Segment Start: Data provided

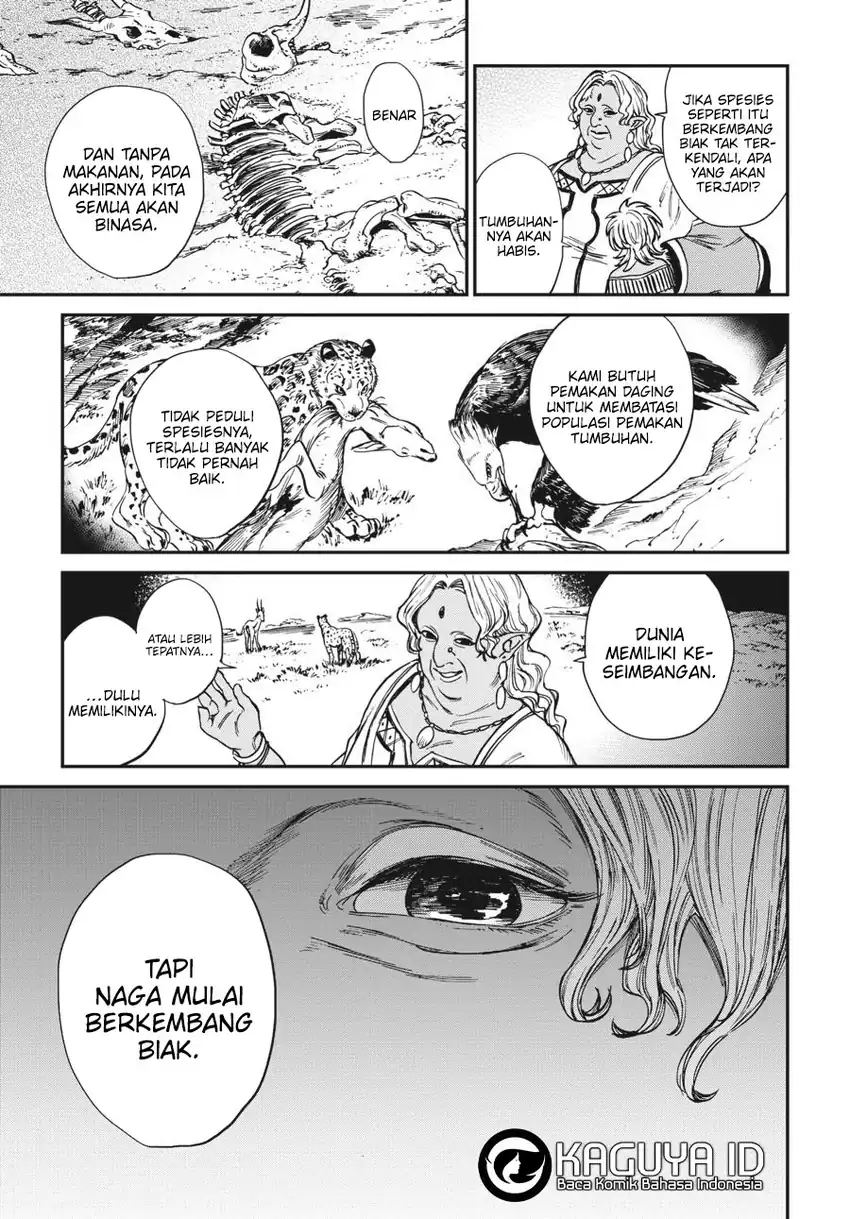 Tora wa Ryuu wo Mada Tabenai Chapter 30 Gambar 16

Segment End: Data provided
Segment Start: Data provided

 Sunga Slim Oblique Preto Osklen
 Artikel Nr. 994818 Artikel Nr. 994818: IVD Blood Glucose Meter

Segment End: Data provided
Segment Start: Data provided

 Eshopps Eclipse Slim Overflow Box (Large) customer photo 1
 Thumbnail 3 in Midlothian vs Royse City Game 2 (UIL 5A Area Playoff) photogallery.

Segment End: Data provided

Task objective: Taking the lines above, repeat exactly those from the line that contains "Sunga Slim Oblique Preto Osklen" through the line that contains "Artikel Nr. 994818 Artikel", and both of those lines as well. Include nothing else.

Reply to the exercise:
 Sunga Slim Oblique Preto Osklen
 Artikel Nr. 994818 Artikel Nr. 994818: IVD Blood Glucose Meter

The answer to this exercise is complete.